Using the listing below, retype exactly the lines starting at the one with "Used 2025 Jeep Wrangler Sahara image 27" and ending at the one with "2/11 Kahika Road Birkdale_15", and include both.

*Records shown*
○ ○ ○

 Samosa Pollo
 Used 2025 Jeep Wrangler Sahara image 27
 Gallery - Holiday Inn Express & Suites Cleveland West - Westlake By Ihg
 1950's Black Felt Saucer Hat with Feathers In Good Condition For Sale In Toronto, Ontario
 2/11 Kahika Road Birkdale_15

○ ○ ○

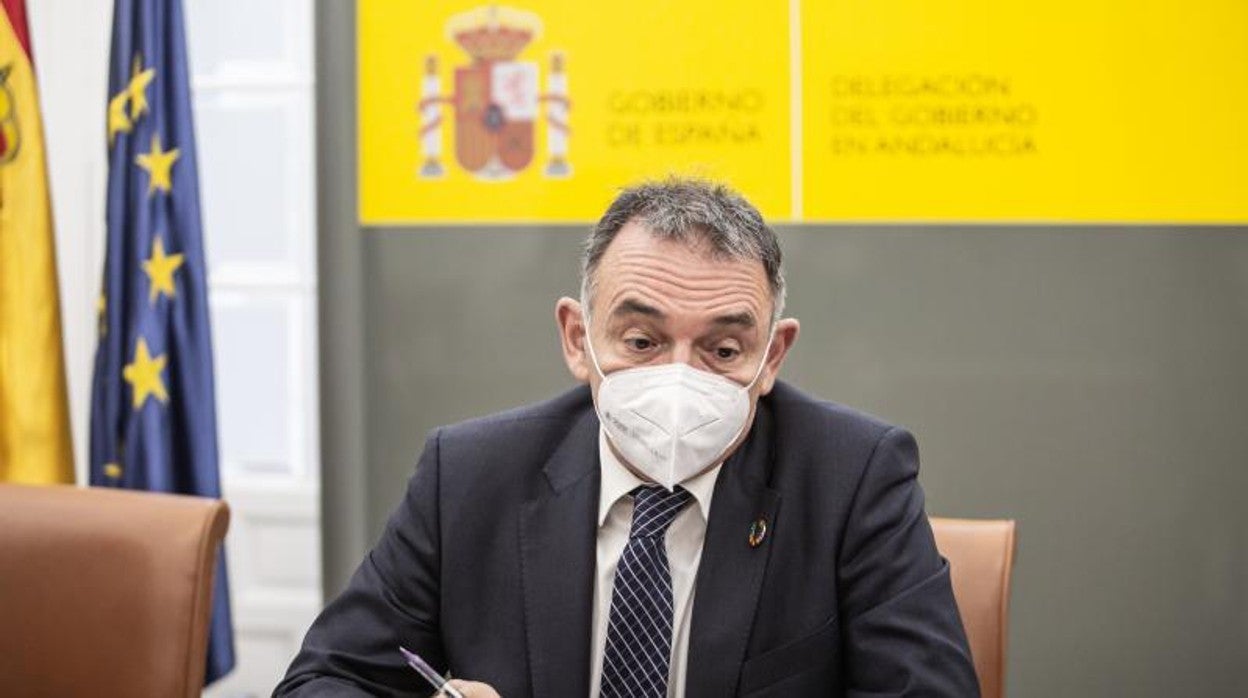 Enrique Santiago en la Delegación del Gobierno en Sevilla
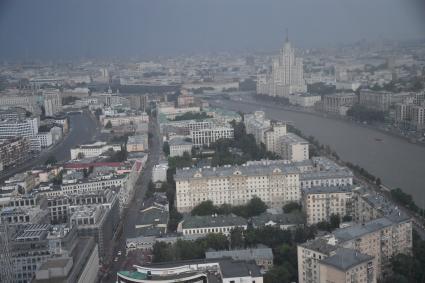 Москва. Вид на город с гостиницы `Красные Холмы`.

○ ○ ○

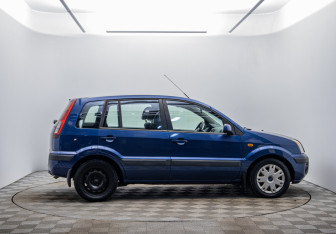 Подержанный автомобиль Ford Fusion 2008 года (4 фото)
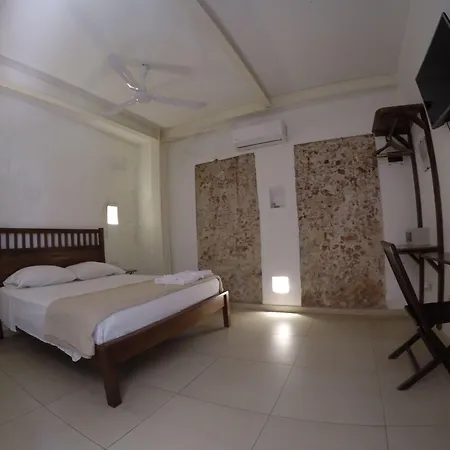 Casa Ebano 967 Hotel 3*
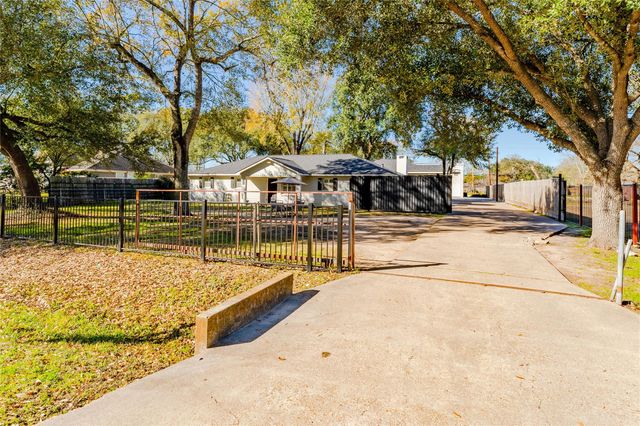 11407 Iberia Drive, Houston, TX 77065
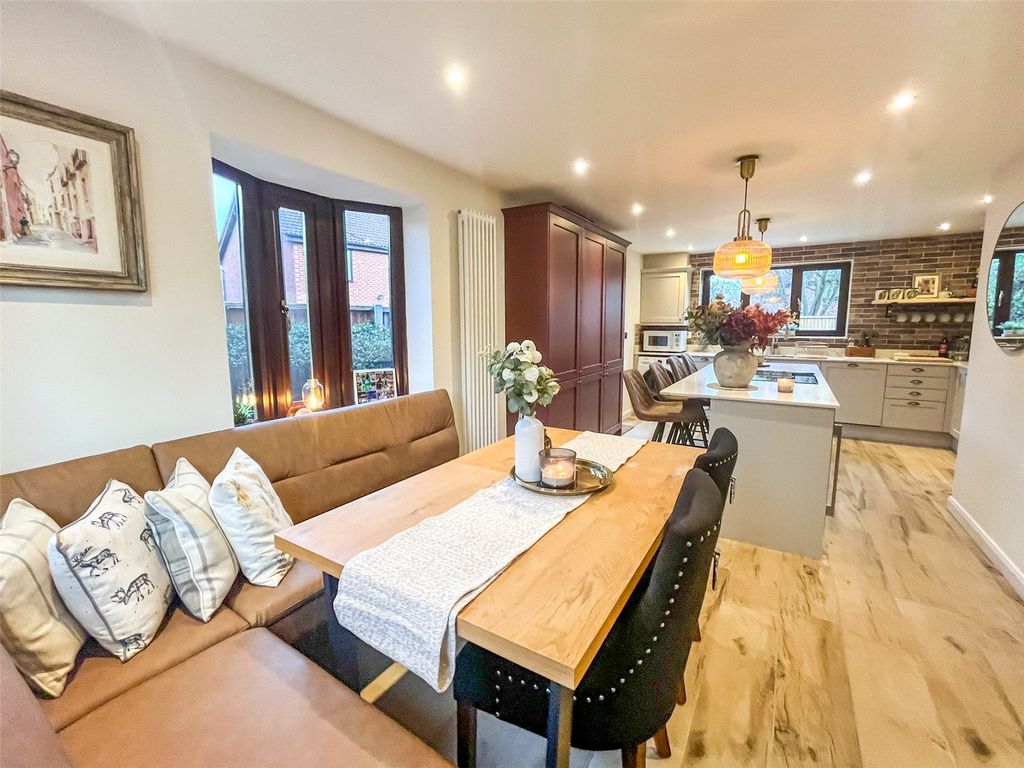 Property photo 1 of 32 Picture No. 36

○ ○ ○

*Response to the task*
 Used 2025 Jeep Wrangler Sahara image 27
 Gallery - Holiday Inn Express & Suites Cleveland West - Westlake By Ihg
 1950's Black Felt Saucer Hat with Feathers In Good Condition For Sale In Toronto, Ontario
 2/11 Kahika Road Birkdale_15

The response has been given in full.